Hello, Simon,
I have very little formal Science education, and in the 4 decades since I was last in school, I have forgotten the trigonometry and calculus I learned then. I have been pondering Black holes Since Hawking made them famous.
It seems to me that from the perspective of a photon, that the definition of the gravitational acceleration (g) at an Event Horizon is C/s.

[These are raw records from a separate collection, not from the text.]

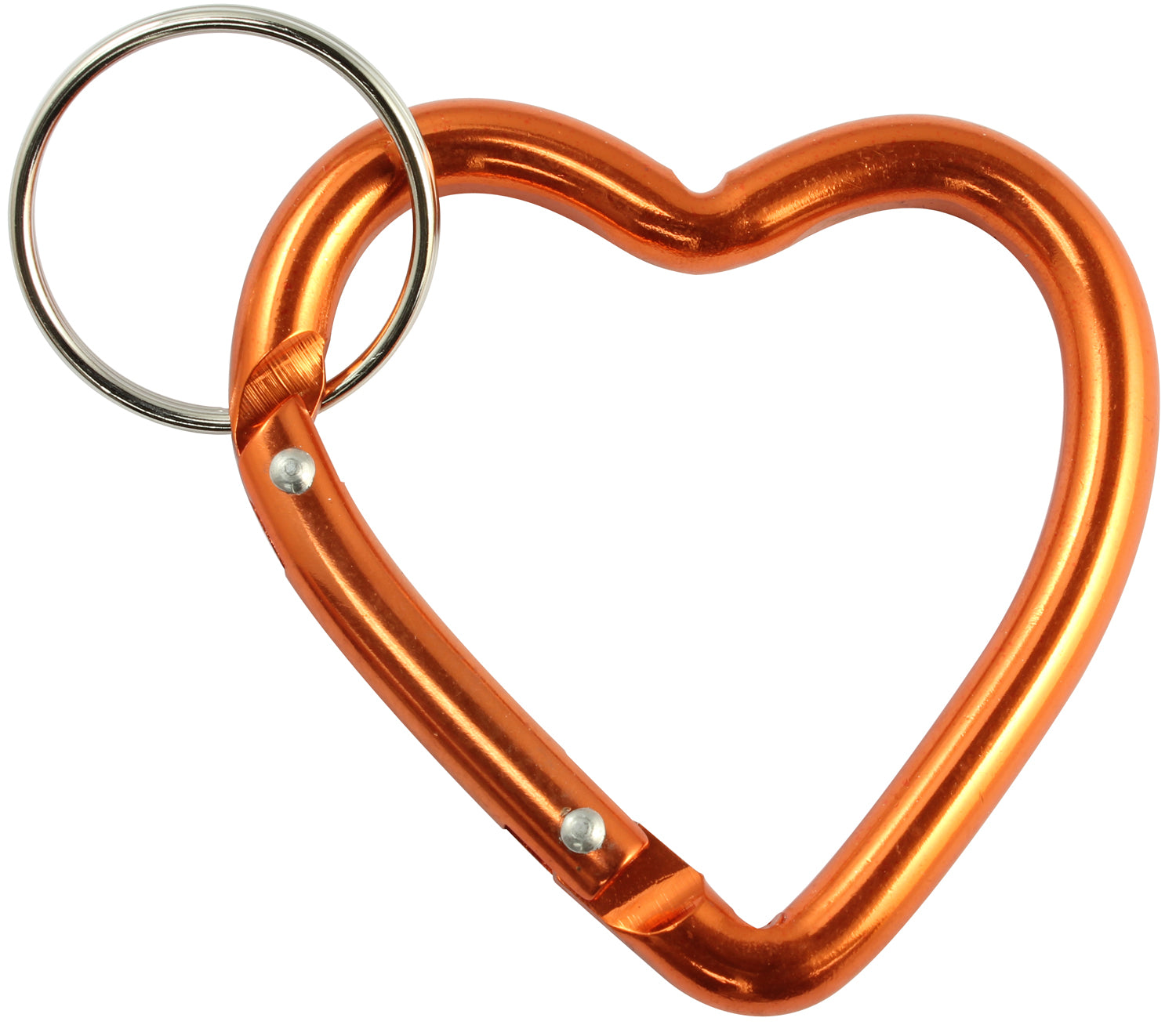 Bison Designs Mini Heart Carabiner Assorted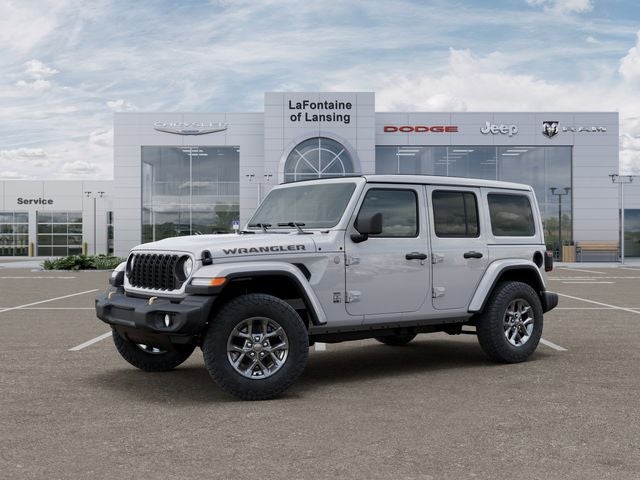 2026 Jeep Wrangler WRANGLER 4-DOOR 85TH ANNIVERSARY EDITION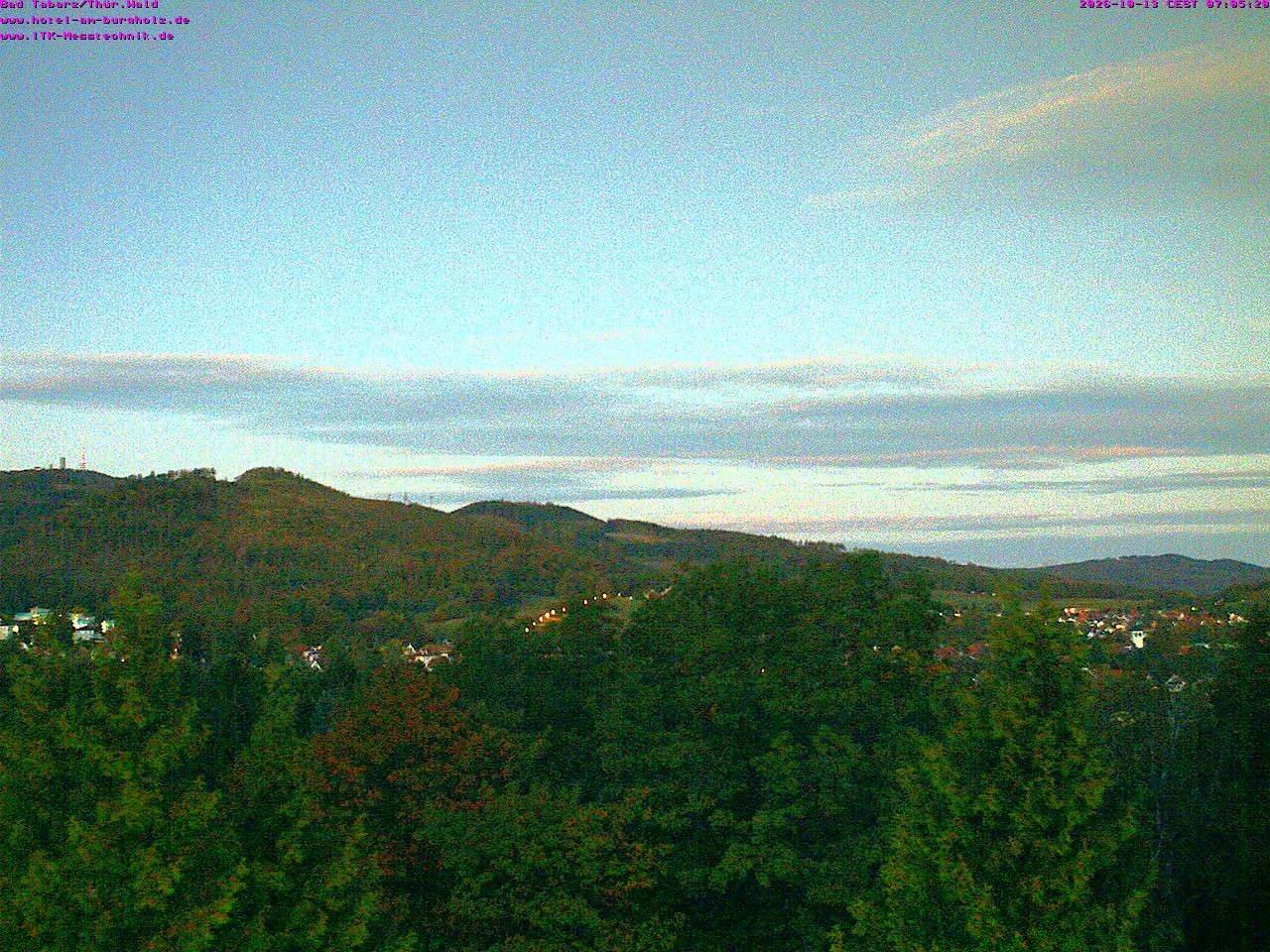 Archiv Foto Webcam Bad Tabarz im Thüringer Wald
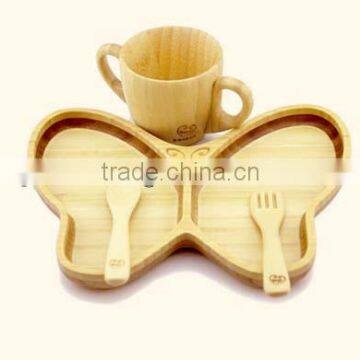 Top quality Bamboo tableware Bamboo dinner tray Bamboo dish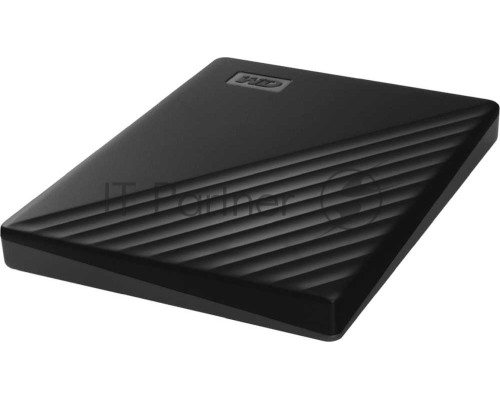 Внешний жесткий диск Western Digital Original USB 3.0 1Tb WDBYVG0010BBK-WESN My Passport 2.5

IOW, Space/Time is warped, (in the classical definition,) 45* towards the Singularity.
However, in the referenced thread, Steve says, "For example, for a 3 sol black hole, the gravity at the event horizon, using GM/r^2, works out at 5.0845x10^12 m/s^2." (roughly 1600C/s)
Using MS Excel, when I plug Steve's numbers into George Jones formula, I get an answer of 1.77334E+11 m/s^2. (roughly 500 C/s)
Those two values indicate a S/T warpage of ~90*
I know that from the Photon's viewpoint, there is no acceleration, it is just that space/time warps and the photon just keeps traveling in the same old (but very warped) straight line terminating at the singularity.
Steve also said, "Also, working backwards, you can work out at what point the gravity exceeds 299,792,500 m/s^2, r = (GM/c)^0.5, for a 3 sol black hole this would be at 1152.2 km radius."
I suppose this means that the photon "sees" the Singularity 1152.2Km away.
Ohhh, my head hurts
The Question: Why are both Steve's (Newtonian) and George's (GR) acceleration numbers so much higher than C/s?
Follow up Question: What would a distant observer measure this SR as? 8.8 km or 1100km?